Goal of the exercise: With the pictures left out, please write out exactly each line from the one containing "Vintage Opal and" through the end of the material.

=-=-=-=-=

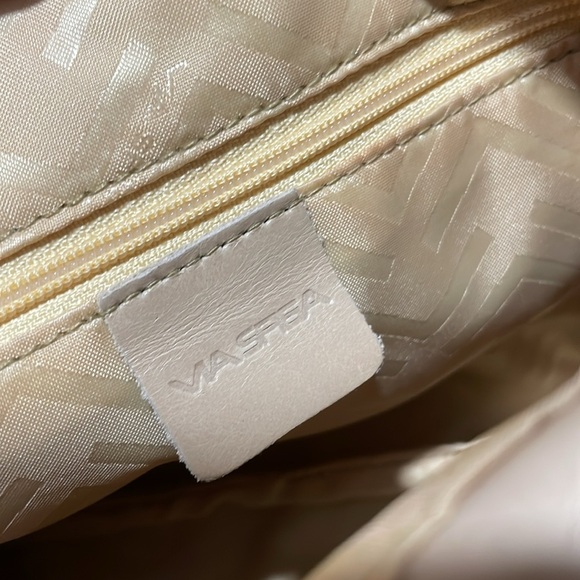 Via Spiga Lightweight Leather Handbag *Mint - Picture 7 of 11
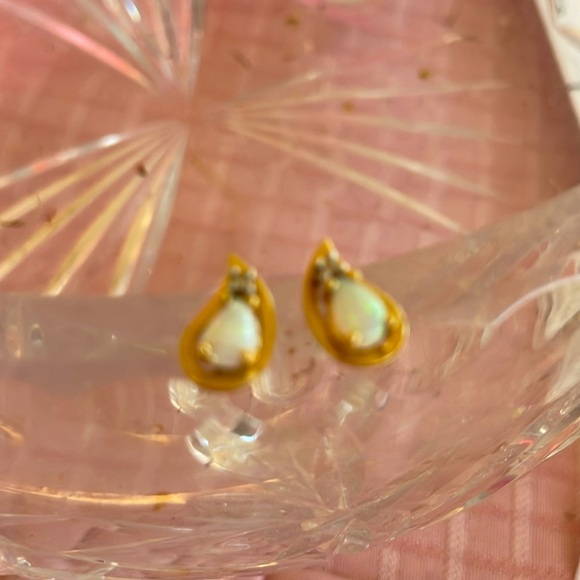 Vintage Opal and diamond 14 karat goldearring’s.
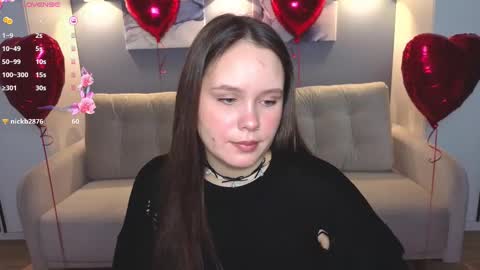 Snapshot of miki_miki_cutie chatting on February 15, 6:12 pm Mikki online show from February 15, 6:12 pm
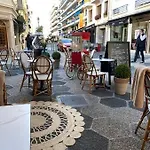 Studette A Cote De La Et La Promenade Nice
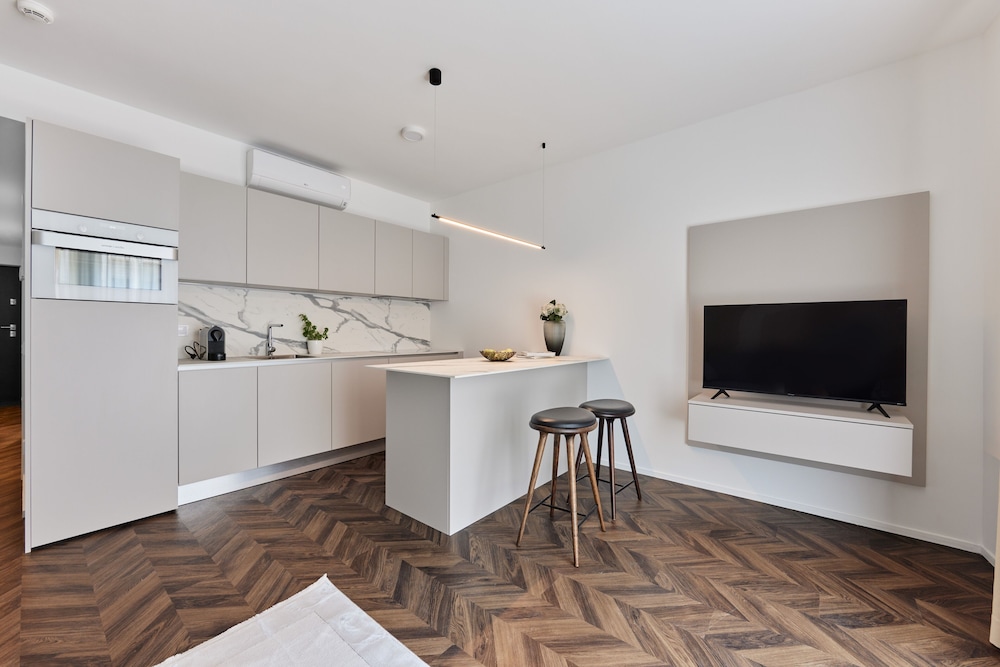 The Amberlyn Suite Hotel 44/50
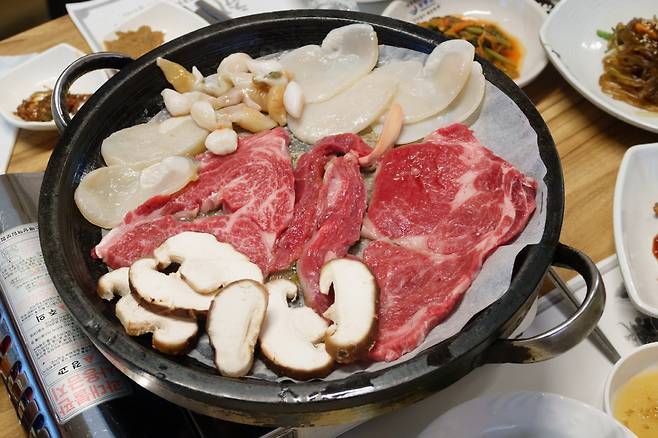 ◇장흥의 대표 먹거리는 장흥잡합이 있다. 장흥 삼합 전문점 취락에서는 신선한 재료를 활용한 삼합을 즐길 수 있다. 사진제공=지엔씨21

=-=-=-=-=

Solved exercise:
 Vintage Opal and diamond 14 karat goldearring’s.
 Snapshot of miki_miki_cutie chatting on February 15, 6:12 pm Mikki online show from February 15, 6:12 pm
 Studette A Cote De La Et La Promenade Nice
 The Amberlyn Suite Hotel 44/50
 ◇장흥의 대표 먹거리는 장흥잡합이 있다. 장흥 삼합 전문점 취락에서는 신선한 재료를 활용한 삼합을 즐길 수 있다. 사진제공=지엔씨21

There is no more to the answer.